#### Task directions:
Repeat each entry. Keep every line exactly as it is.

#### Data records:
• • •

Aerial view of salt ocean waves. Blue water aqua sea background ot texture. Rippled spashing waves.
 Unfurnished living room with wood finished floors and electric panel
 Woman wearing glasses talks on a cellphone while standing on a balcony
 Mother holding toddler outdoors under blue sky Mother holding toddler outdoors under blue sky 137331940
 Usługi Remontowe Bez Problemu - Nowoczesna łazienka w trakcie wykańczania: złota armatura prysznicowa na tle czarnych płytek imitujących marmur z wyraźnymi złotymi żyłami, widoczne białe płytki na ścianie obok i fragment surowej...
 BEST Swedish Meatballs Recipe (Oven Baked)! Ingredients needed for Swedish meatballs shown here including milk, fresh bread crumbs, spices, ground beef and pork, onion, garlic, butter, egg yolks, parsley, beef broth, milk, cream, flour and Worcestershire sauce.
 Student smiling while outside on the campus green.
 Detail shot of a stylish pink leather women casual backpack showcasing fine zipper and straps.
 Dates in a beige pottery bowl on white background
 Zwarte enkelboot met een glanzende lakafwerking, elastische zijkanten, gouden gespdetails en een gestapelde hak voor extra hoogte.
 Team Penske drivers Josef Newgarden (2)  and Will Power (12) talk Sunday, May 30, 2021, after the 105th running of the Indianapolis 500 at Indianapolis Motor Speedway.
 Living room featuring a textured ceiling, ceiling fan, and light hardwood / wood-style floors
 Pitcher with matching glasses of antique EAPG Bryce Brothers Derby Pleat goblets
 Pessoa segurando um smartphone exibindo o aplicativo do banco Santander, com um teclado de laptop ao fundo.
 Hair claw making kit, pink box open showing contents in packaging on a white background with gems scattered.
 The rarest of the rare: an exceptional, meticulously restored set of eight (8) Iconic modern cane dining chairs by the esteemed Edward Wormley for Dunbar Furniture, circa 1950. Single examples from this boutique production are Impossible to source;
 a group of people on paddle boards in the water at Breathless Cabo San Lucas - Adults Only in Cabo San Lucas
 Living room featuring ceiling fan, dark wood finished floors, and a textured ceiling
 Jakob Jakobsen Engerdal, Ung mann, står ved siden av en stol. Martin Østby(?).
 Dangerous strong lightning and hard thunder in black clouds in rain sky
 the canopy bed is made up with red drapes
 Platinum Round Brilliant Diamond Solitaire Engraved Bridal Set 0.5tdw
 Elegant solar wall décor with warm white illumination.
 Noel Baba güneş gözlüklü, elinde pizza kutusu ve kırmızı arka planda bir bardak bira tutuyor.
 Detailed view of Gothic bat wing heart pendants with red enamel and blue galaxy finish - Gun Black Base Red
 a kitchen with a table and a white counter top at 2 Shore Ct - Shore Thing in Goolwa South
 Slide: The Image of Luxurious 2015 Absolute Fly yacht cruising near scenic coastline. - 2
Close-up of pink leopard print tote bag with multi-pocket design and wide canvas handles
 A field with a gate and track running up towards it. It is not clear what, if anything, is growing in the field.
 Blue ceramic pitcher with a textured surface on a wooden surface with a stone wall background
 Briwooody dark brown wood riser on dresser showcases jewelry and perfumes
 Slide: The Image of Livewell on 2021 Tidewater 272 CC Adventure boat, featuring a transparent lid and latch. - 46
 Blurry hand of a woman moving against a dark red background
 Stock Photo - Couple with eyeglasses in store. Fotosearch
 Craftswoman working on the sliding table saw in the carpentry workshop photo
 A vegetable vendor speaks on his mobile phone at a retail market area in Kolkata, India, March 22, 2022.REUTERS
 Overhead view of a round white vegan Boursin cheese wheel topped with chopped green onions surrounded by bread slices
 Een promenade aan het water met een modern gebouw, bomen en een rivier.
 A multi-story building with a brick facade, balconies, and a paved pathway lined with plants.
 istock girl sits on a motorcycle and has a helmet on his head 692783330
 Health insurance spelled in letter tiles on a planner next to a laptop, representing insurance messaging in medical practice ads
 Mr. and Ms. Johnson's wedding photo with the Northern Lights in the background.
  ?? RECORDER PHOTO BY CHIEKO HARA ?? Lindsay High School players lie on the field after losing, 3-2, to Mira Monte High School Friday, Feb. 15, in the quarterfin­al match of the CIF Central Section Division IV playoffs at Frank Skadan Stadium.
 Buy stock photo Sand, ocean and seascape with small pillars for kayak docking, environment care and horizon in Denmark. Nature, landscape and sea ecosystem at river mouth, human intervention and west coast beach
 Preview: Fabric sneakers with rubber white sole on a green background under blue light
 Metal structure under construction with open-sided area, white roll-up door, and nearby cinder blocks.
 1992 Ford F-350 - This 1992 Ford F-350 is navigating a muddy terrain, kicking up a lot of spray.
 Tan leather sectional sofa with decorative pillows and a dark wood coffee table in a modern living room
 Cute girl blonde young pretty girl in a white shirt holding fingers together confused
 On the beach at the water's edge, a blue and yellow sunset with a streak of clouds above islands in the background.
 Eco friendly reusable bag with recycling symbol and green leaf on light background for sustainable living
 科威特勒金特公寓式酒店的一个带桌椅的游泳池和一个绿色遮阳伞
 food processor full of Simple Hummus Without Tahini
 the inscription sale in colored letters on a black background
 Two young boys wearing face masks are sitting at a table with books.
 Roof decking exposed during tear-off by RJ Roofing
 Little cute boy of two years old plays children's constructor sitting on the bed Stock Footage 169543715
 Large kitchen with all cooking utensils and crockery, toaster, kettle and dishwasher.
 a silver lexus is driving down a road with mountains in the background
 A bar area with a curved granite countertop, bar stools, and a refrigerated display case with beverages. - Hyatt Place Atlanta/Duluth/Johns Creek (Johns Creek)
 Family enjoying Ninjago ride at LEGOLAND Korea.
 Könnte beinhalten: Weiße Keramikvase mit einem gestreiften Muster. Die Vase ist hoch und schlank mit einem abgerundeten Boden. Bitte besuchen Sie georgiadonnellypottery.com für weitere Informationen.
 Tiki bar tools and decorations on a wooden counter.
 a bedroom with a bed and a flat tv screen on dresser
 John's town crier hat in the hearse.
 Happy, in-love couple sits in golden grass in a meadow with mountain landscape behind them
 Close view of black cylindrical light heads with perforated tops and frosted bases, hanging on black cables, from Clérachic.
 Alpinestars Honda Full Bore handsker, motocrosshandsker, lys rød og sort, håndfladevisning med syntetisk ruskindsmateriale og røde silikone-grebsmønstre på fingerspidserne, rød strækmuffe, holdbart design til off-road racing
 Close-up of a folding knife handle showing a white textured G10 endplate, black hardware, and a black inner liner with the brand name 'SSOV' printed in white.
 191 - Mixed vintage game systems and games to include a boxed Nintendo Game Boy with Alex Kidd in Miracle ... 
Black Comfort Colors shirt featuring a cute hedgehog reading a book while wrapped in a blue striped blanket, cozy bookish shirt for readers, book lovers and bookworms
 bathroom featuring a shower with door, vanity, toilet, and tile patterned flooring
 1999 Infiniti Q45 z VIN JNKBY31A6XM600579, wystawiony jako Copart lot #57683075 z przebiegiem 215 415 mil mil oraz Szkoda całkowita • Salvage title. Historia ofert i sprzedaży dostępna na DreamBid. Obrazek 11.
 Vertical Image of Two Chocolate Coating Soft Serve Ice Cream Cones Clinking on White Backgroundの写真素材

• • •

#### Response:
Aerial view of salt ocean waves. Blue water aqua sea background ot texture. Rippled spashing waves.
 Unfurnished living room with wood finished floors and electric panel
 Woman wearing glasses talks on a cellphone while standing on a balcony
 Mother holding toddler outdoors under blue sky Mother holding toddler outdoors under blue sky 137331940
 Usługi Remontowe Bez Problemu - Nowoczesna łazienka w trakcie wykańczania: złota armatura prysznicowa na tle czarnych płytek imitujących marmur z wyraźnymi złotymi żyłami, widoczne białe płytki na ścianie obok i fragment surowej...
 BEST Swedish Meatballs Recipe (Oven Baked)! Ingredients needed for Swedish meatballs shown here including milk, fresh bread crumbs, spices, ground beef and pork, onion, garlic, butter, egg yolks, parsley, beef broth, milk, cream, flour and Worcestershire sauce.
 Student smiling while outside on the campus green.
 Detail shot of a stylish pink leather women casual backpack showcasing fine zipper and straps.
 Dates in a beige pottery bowl on white background
 Zwarte enkelboot met een glanzende lakafwerking, elastische zijkanten, gouden gespdetails en een gestapelde hak voor extra hoogte.
 Team Penske drivers Josef Newgarden (2)  and Will Power (12) talk Sunday, May 30, 2021, after the 105th running of the Indianapolis 500 at Indianapolis Motor Speedway.
 Living room featuring a textured ceiling, ceiling fan, and light hardwood / wood-style floors
 Pitcher with matching glasses of antique EAPG Bryce Brothers Derby Pleat goblets
 Pessoa segurando um smartphone exibindo o aplicativo do banco Santander, com um teclado de laptop ao fundo.
 Hair claw making kit, pink box open showing contents in packaging on a white background with gems scattered.
 The rarest of the rare: an exceptional, meticulously restored set of eight (8) Iconic modern cane dining chairs by the esteemed Edward Wormley for Dunbar Furniture, circa 1950. Single examples from this boutique production are Impossible to source;
 a group of people on paddle boards in the water at Breathless Cabo San Lucas - Adults Only in Cabo San Lucas
 Living room featuring ceiling fan, dark wood finished floors, and a textured ceiling
 Jakob Jakobsen Engerdal, Ung mann, står ved siden av en stol. Martin Østby(?).
 Dangerous strong lightning and hard thunder in black clouds in rain sky
 the canopy bed is made up with red drapes
 Platinum Round Brilliant Diamond Solitaire Engraved Bridal Set 0.5tdw
 Elegant solar wall décor with warm white illumination.
 Noel Baba güneş gözlüklü, elinde pizza kutusu ve kırmızı arka planda bir bardak bira tutuyor.
 Detailed view of Gothic bat wing heart pendants with red enamel and blue galaxy finish - Gun Black Base Red
 a kitchen with a table and a white counter top at 2 Shore Ct - Shore Thing in Goolwa South
 Slide: The Image of Luxurious 2015 Absolute Fly yacht cruising near scenic coastline. - 2
Close-up of pink leopard print tote bag with multi-pocket design and wide canvas handles
 A field with a gate and track running up towards it. It is not clear what, if anything, is growing in the field.
 Blue ceramic pitcher with a textured surface on a wooden surface with a stone wall background
 Briwooody dark brown wood riser on dresser showcases jewelry and perfumes
 Slide: The Image of Livewell on 2021 Tidewater 272 CC Adventure boat, featuring a transparent lid and latch. - 46
 Blurry hand of a woman moving against a dark red background
 Stock Photo - Couple with eyeglasses in store. Fotosearch
 Craftswoman working on the sliding table saw in the carpentry workshop photo
 A vegetable vendor speaks on his mobile phone at a retail market area in Kolkata, India, March 22, 2022.REUTERS
 Overhead view of a round white vegan Boursin cheese wheel topped with chopped green onions surrounded by bread slices
 Een promenade aan het water met een modern gebouw, bomen en een rivier.
 A multi-story building with a brick facade, balconies, and a paved pathway lined with plants.
 istock girl sits on a motorcycle and has a helmet on his head 692783330
 Health insurance spelled in letter tiles on a planner next to a laptop, representing insurance messaging in medical practice ads
 Mr. and Ms. Johnson's wedding photo with the Northern Lights in the background.
  ?? RECORDER PHOTO BY CHIEKO HARA ?? Lindsay High School players lie on the field after losing, 3-2, to Mira Monte High School Friday, Feb. 15, in the quarterfin­al match of the CIF Central Section Division IV playoffs at Frank Skadan Stadium.
 Buy stock photo Sand, ocean and seascape with small pillars for kayak docking, environment care and horizon in Denmark. Nature, landscape and sea ecosystem at river mouth, human intervention and west coast beach
 Preview: Fabric sneakers with rubber white sole on a green background under blue light
 Metal structure under construction with open-sided area, white roll-up door, and nearby cinder blocks.
 1992 Ford F-350 - This 1992 Ford F-350 is navigating a muddy terrain, kicking up a lot of spray.
 Tan leather sectional sofa with decorative pillows and a dark wood coffee table in a modern living room
 Cute girl blonde young pretty girl in a white shirt holding fingers together confused
 On the beach at the water's edge, a blue and yellow sunset with a streak of clouds above islands in the background.
 Eco friendly reusable bag with recycling symbol and green leaf on light background for sustainable living
 科威特勒金特公寓式酒店的一个带桌椅的游泳池和一个绿色遮阳伞
 food processor full of Simple Hummus Without Tahini
 the inscription sale in colored letters on a black background
 Two young boys wearing face masks are sitting at a table with books.
 Roof decking exposed during tear-off by RJ Roofing
 Little cute boy of two years old plays children's constructor sitting on the bed Stock Footage 169543715
 Large kitchen with all cooking utensils and crockery, toaster, kettle and dishwasher.
 a silver lexus is driving down a road with mountains in the background
 A bar area with a curved granite countertop, bar stools, and a refrigerated display case with beverages. - Hyatt Place Atlanta/Duluth/Johns Creek (Johns Creek)
 Family enjoying Ninjago ride at LEGOLAND Korea.
 Könnte beinhalten: Weiße Keramikvase mit einem gestreiften Muster. Die Vase ist hoch und schlank mit einem abgerundeten Boden. Bitte besuchen Sie georgiadonnellypottery.com für weitere Informationen.
 Tiki bar tools and decorations on a wooden counter.
 a bedroom with a bed and a flat tv screen on dresser
 John's town crier hat in the hearse.
 Happy, in-love couple sits in golden grass in a meadow with mountain landscape behind them
 Close view of black cylindrical light heads with perforated tops and frosted bases, hanging on black cables, from Clérachic.
 Alpinestars Honda Full Bore handsker, motocrosshandsker, lys rød og sort, håndfladevisning med syntetisk ruskindsmateriale og røde silikone-grebsmønstre på fingerspidserne, rød strækmuffe, holdbart design til off-road racing
 Close-up of a folding knife handle showing a white textured G10 endplate, black hardware, and a black inner liner with the brand name 'SSOV' printed in white.
 191 - Mixed vintage game systems and games to include a boxed Nintendo Game Boy with Alex Kidd in Miracle ... 
Black Comfort Colors shirt featuring a cute hedgehog reading a book while wrapped in a blue striped blanket, cozy bookish shirt for readers, book lovers and bookworms
 bathroom featuring a shower with door, vanity, toilet, and tile patterned flooring
 1999 Infiniti Q45 z VIN JNKBY31A6XM600579, wystawiony jako Copart lot #57683075 z przebiegiem 215 415 mil mil oraz Szkoda całkowita • Salvage title. Historia ofert i sprzedaży dostępna na DreamBid. Obrazek 11.
 Vertical Image of Two Chocolate Coating Soft Serve Ice Cream Cones Clinking on White Backgroundの写真素材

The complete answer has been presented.